Book Review: Winning With Data
“Without data you’re just another person with an opinion” - W. Edwards Deming
I finished Winning with Data recently but I have to admit; it was hard for me to get through this book. It's difficult enough for me to read in general, but I don't usually seek out books about topics like managing data. I'm also not sure exactly who the audience is for this book. Is it a young person venturing into the workforce? A more senior executive trying to learn more about this evolution? Not sure, and I felt like that was also a problem. Nevertheless, I enjoyed what I read well enough since it confirmed how I feel about data accessibility and transparency. I can also see the influence of the author on my workplace (he works with a major investor in our company). It felt like when I took courses in school that I didn't like but I got a lot out of. If it didn't have to take them, I wouldn't have, but I'm glad I did since it exposed me to some new ideas.

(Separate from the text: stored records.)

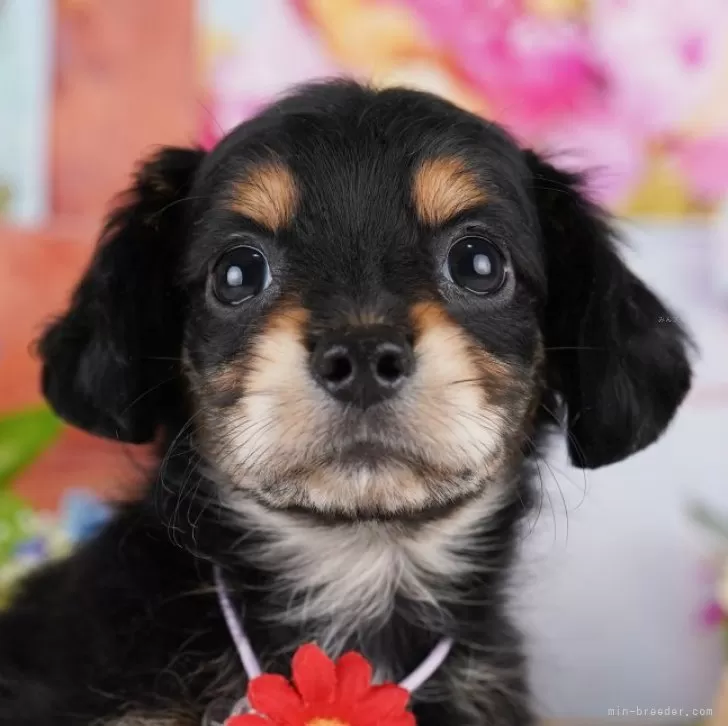 ID:2411-06954の子犬
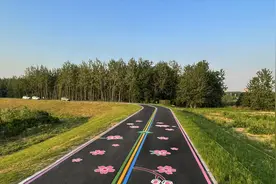 先睹为快！扬州首条环岛观光大道将添新景观图片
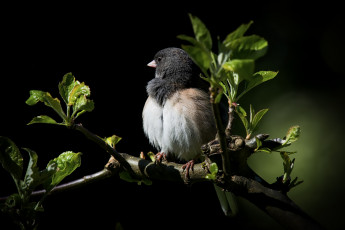 Картинка животные птицы птичка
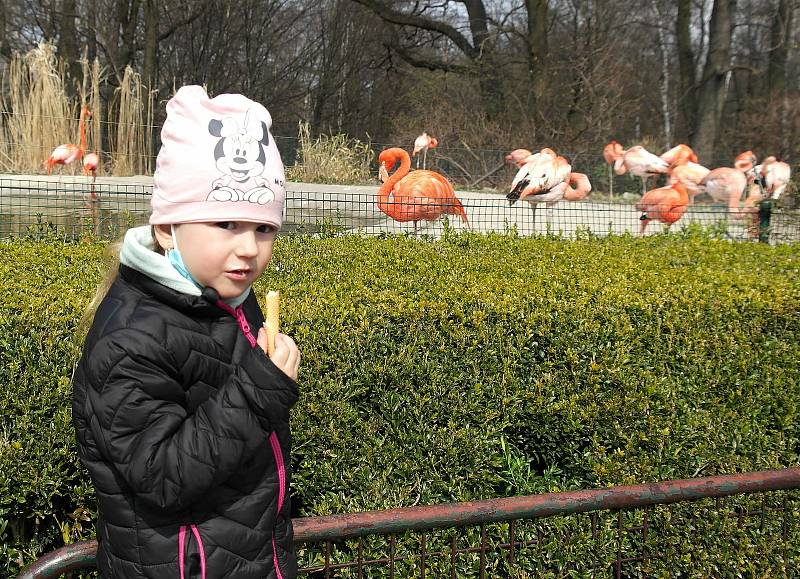 První den v ostravské zoologické zahradě v Michálkovicích po rozvolnění vládních opatření proti čínské nákaze je docela rušný.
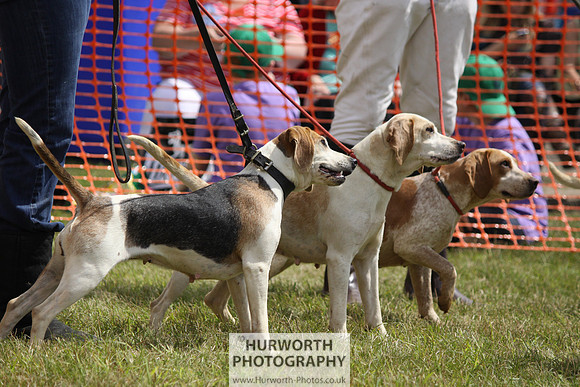 Sedgefield Game Fair 116
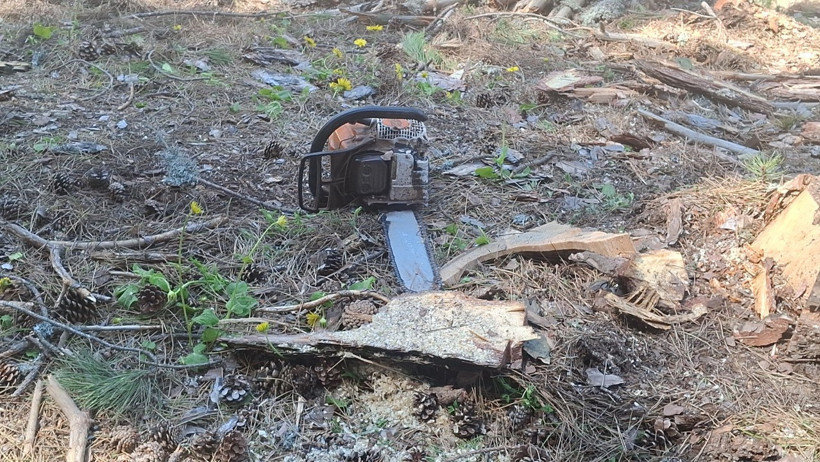 Olay yeri incelemesi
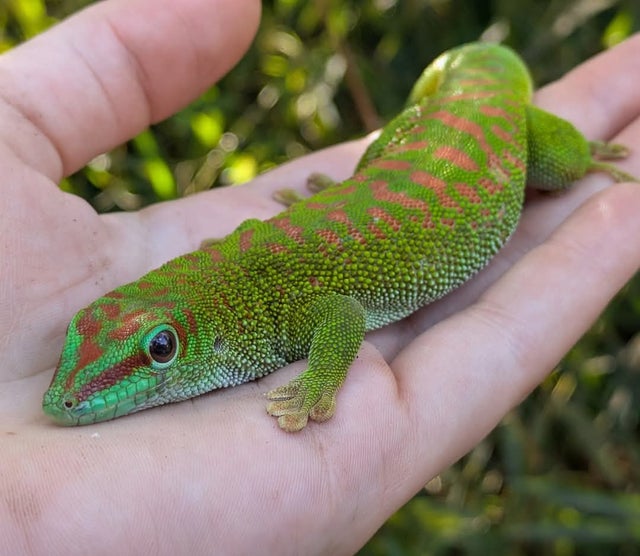 High Red Giant Day Gecko Female ~ 7 inch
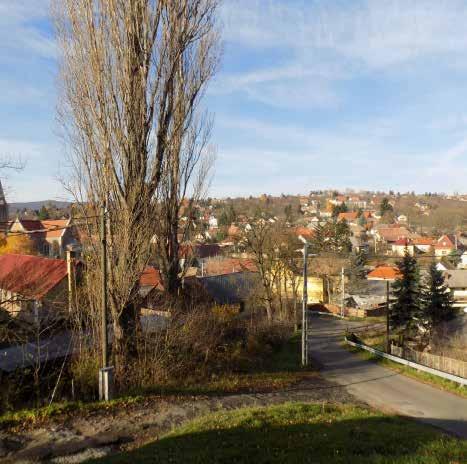 kanyargó utcák miatt szórvány jelleget mutat.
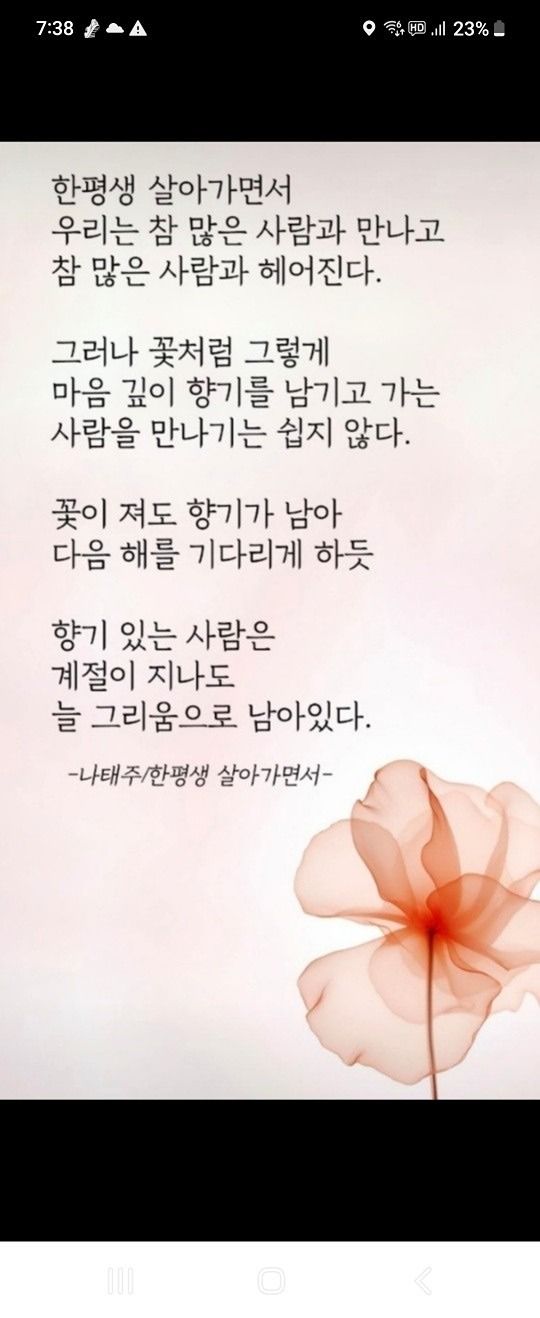 동네 친구들 앨범 사진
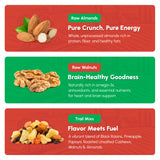 Snackademia: Back-to-School Brain Fuel Kit - Raw almonds, raw walnuts, trail mixes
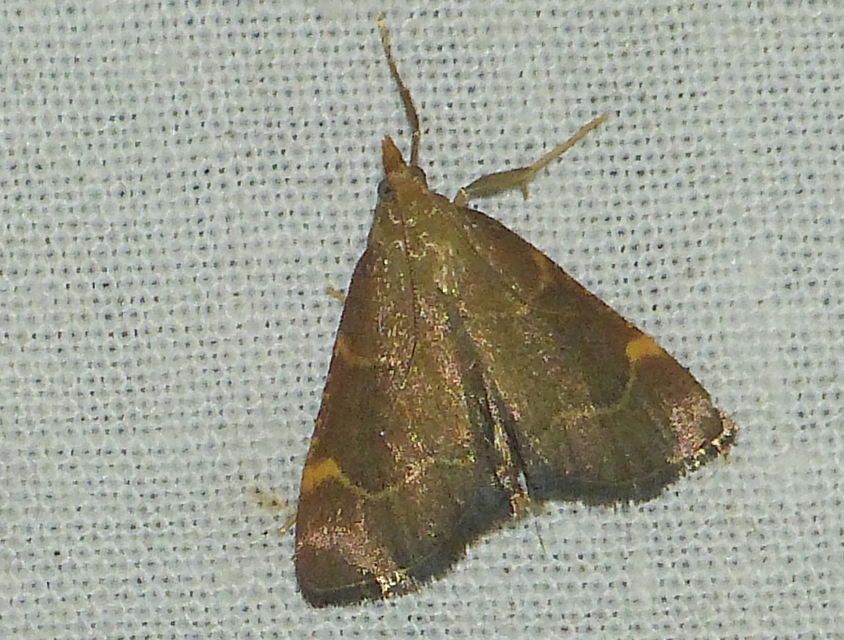 Hypsopygia rubidalis - vörös fényilonca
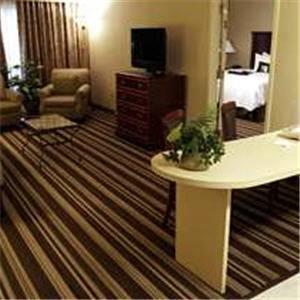 Отель Hampton Inn & Suites Memphis-Beale Street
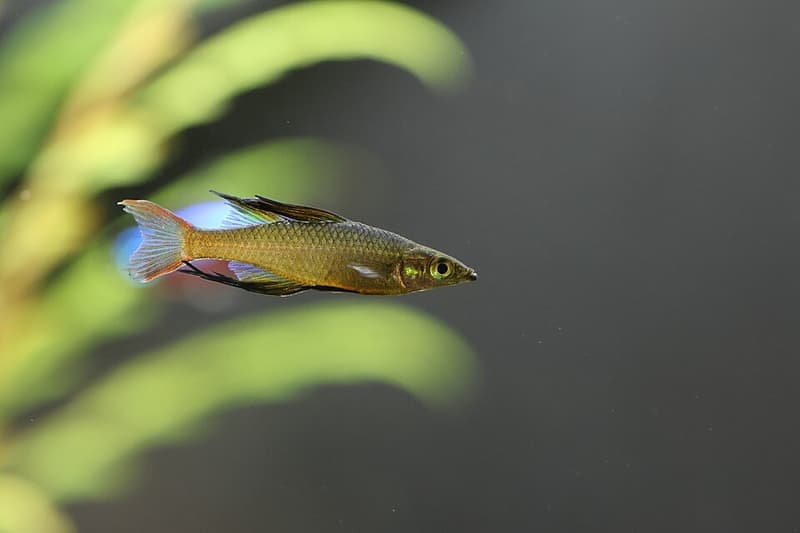 Threadfin Rainbowfish (Iriatherina werneri) — photo 3 of 3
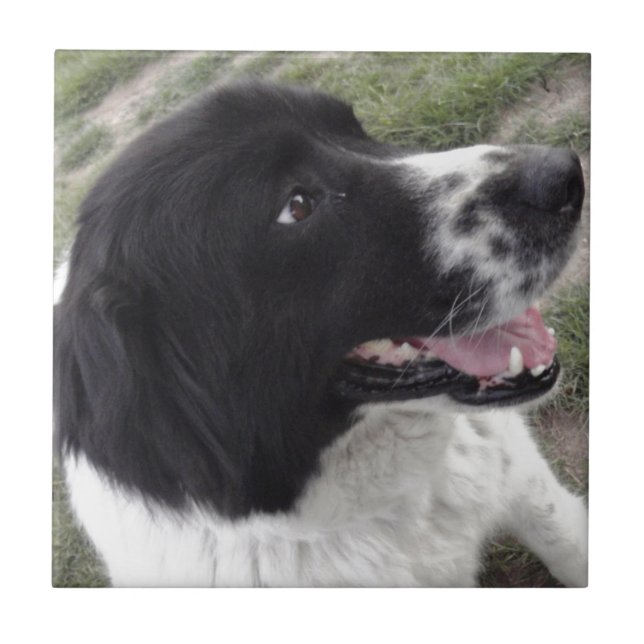 Sara Bulgariska shepherd Hund Kakelplatta (Framsidan)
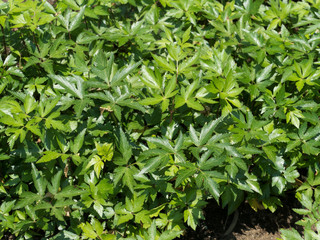 トウキ　薬用植物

The book outlines why data is important, how to manage it, and how to foster a culture that uses it in the right ways. It encourages readers to collect the right data, in the right amounts, and make timely informed decisions at every level of your organization. I feel like this is something higher ed needs to make better use of for strategic student interventions, but I can get why they'd be hesitant. Student data is sensitive, but we owe it to our students to provide the best service we can. I know some institutions are moving in this direction.
Using data really can transform every decision we make in an organization. It's not just sales or marketing. It can come into recruitment which I think is a huge epiphany for higher ed specifically since in my experience, it is something we struggle with greatly. The book provides a specific example from Google and how they run their processes to help continuously improve it over time:
“Google takes metrics one step further than most companies. It collects data at every step of the interviewing process to provide interviewers feedback on their candidate judgement.
“‘Every interviewer sees a record of the interview scores they gave given i the past and whether those people were hired or not. This lets the interviewer know if they are correctly assessing potential Googlers, nudging them to look back at their prior notes and learn from what they spotted or missed.’"
We could all use this sort of thinking to make sure we're bringing in the right people and helping our recruiters and hiring teams do their best with what we are putting upon them. Overall, it is a way of thinking that we need to implement and move on from making decisions based on anecdotal evidence and gut reactions. This quote is what I'd like to end on that captures this feeling:
“…data encourages experimentation and surprises. Surprises foster new ways of thinking. They challenge the establishment. When dogged with opinions or knee-jerk answers of ‘that’s the way we’ve always done it,’ we all can feel disenfranchised. Data pushes us to experiment.”